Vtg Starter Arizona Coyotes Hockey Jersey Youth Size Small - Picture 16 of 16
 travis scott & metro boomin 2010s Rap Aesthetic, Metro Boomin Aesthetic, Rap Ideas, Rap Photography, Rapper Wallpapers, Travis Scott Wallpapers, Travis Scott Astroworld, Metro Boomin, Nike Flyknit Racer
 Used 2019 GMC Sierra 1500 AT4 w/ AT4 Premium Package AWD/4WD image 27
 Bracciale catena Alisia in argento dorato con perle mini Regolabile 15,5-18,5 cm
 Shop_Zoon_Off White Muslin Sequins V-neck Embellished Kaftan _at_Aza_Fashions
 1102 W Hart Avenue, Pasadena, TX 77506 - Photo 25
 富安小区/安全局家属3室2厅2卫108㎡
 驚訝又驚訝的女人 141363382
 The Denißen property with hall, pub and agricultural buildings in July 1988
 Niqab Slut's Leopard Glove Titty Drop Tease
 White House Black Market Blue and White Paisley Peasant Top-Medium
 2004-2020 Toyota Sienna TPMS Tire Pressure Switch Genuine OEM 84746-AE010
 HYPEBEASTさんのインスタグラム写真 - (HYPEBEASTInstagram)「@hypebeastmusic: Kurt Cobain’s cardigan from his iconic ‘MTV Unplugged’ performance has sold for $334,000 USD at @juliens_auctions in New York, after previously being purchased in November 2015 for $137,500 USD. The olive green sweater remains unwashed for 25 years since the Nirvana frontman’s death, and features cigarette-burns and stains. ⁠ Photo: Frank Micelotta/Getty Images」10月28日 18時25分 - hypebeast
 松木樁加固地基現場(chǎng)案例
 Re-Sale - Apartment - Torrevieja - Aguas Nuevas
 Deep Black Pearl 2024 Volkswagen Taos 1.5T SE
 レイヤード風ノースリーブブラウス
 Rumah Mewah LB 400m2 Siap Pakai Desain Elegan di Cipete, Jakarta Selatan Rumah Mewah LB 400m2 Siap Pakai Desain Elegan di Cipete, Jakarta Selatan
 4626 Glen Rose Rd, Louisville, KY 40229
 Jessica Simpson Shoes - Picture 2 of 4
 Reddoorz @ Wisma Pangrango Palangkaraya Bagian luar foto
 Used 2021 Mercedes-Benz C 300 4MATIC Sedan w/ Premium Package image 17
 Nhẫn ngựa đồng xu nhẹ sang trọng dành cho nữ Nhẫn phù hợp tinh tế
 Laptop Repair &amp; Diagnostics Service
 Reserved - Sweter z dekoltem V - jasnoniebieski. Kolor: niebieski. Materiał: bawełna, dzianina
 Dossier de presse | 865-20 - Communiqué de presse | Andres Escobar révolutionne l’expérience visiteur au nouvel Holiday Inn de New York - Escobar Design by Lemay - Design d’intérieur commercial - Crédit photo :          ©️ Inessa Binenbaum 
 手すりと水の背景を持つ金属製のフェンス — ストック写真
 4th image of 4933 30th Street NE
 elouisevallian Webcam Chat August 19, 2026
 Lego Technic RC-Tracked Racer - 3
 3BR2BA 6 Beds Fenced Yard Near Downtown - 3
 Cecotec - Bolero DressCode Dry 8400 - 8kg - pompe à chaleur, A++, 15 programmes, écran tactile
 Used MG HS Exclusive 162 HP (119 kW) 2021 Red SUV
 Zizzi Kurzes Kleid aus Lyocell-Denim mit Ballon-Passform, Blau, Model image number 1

▶ _Task objective_: Copy out every line of the data that includes "Black".

▶ _Your response_:
 White House Black Market Blue and White Paisley Peasant Top-Medium
 Deep Black Pearl 2024 Volkswagen Taos 1.5T SE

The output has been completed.